Pourvez-vous nous parler plus précisément de votre association Yam Pukri (éveil d’intelligence) ?

J’ai constaté qu’en Afrique, nous avons les capacités, mais il nous manque le courage, les initiatives pour éveiller notre potentiel. C’est pour cette raison que j’ai créé Yam Pukri pour accompagner les Africains surtout les jeunes à mettre en valeur leur capacité. J’ai choisi les TIC pour le développement comme tribune d’expression.

Nous travaillons avec le CTA (Centre Technique de Coopération  Agricole et Rurale) depuis une dizaine d’année. Ils apprécient ce que nous faisons et utilisent Yam Pukri parfois comme prestataire pour exécuter certains travaux sur le terrain. Le siège se trouve aux Pays-Bas. Nous sommes impliqués également dans certaines initiatives du CTA comme le projet ARDYS, qui vise à faire des TIC un instrument pour les jeunes agriculteurs dans les pays ACP. A ce propos, nous avons déjà mené pas mal d’action comme des formations, des concours d’écritures, de création de blogs sur le thème de « TIC et agriculture pour les jeunes en milieu agricole en dans les pays ACP ». Pour résumer, il faut dire que le CTA est spécialisé dans l’information agricole.

Vous avez la particularité d’utiliser les Technologies de l’Information et de la Communication, notamment le Web 2.0 au service du développement agricole et rural. Qu’en  est-il exactement ?

C’est vrai que Yam Pukri est devenue une organisation de référence en Afrique de l’Ouest en matière de formation en TIC pour le monde rural et en recherches de solutions de TIC simplifié pour le monde rural.
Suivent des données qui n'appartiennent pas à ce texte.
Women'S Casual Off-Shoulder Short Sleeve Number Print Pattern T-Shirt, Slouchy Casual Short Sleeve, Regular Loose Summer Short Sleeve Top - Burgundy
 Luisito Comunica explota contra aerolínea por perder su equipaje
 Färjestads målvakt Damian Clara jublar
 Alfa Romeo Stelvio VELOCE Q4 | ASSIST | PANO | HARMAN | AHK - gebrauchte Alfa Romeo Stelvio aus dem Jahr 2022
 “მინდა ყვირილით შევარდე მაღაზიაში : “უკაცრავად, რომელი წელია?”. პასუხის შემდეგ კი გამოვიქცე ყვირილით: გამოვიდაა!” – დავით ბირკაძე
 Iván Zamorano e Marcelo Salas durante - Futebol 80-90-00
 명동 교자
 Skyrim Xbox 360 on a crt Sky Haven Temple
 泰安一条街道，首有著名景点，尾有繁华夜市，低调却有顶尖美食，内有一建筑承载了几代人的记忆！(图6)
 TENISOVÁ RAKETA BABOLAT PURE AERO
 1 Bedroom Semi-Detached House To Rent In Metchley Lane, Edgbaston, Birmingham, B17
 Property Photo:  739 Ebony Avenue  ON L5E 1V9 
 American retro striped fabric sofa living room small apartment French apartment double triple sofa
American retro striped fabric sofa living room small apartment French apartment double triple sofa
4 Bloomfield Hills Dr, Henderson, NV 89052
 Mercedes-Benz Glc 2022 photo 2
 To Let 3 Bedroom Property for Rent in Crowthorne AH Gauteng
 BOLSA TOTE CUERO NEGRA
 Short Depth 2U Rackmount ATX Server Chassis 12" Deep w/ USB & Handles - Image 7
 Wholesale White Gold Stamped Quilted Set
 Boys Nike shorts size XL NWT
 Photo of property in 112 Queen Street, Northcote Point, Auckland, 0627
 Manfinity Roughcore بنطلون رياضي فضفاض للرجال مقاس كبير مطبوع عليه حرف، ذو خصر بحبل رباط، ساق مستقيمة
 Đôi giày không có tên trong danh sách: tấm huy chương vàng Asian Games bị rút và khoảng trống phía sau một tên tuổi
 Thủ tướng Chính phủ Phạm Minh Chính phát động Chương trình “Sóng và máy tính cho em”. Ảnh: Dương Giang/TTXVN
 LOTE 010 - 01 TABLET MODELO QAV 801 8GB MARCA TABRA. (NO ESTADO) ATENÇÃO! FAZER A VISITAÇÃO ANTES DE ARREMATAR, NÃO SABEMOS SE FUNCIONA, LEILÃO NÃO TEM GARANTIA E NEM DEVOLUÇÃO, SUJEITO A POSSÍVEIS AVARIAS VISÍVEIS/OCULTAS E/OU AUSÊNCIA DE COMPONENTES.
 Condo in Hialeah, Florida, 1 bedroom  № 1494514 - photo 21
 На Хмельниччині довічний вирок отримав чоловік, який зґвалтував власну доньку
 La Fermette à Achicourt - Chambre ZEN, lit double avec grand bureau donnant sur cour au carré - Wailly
Dans tous les domaines de compétences, les TIC offre des opportunités, et nous sommes convaincus que le monde rural peut en profiter en utilisant les médias sociaux. On peut en effet réduire les couts de suivi-évaluation des projets agricoles en utilisant les blogs, les formulaires en ligne. On peut accroitre l’efficacité de la communication interne et externes des organisations coopératives par l’usage de la téléphonie sur IP (skype, google drive et autres) on peut également faire du plaidoyer en matière agricole en utilisant les blogs, les réseaux sociaux comme Facebook et Twitter. Sans oublier que la formation et l’information agricoles peuvent être améliorées avec les outils de publications en ligne.

On a également vu que l’usage de certaines plateformes peut permettre de diffuser les prix agricoles et de synthétiser des offres et des demandes de produits avec par exemple  frontlineSMS.

Au regard du faible niveau d’instruction du monde rural dans les pays ACP, comment ces technologies sont-elles accueillies et comment procédez-vous ?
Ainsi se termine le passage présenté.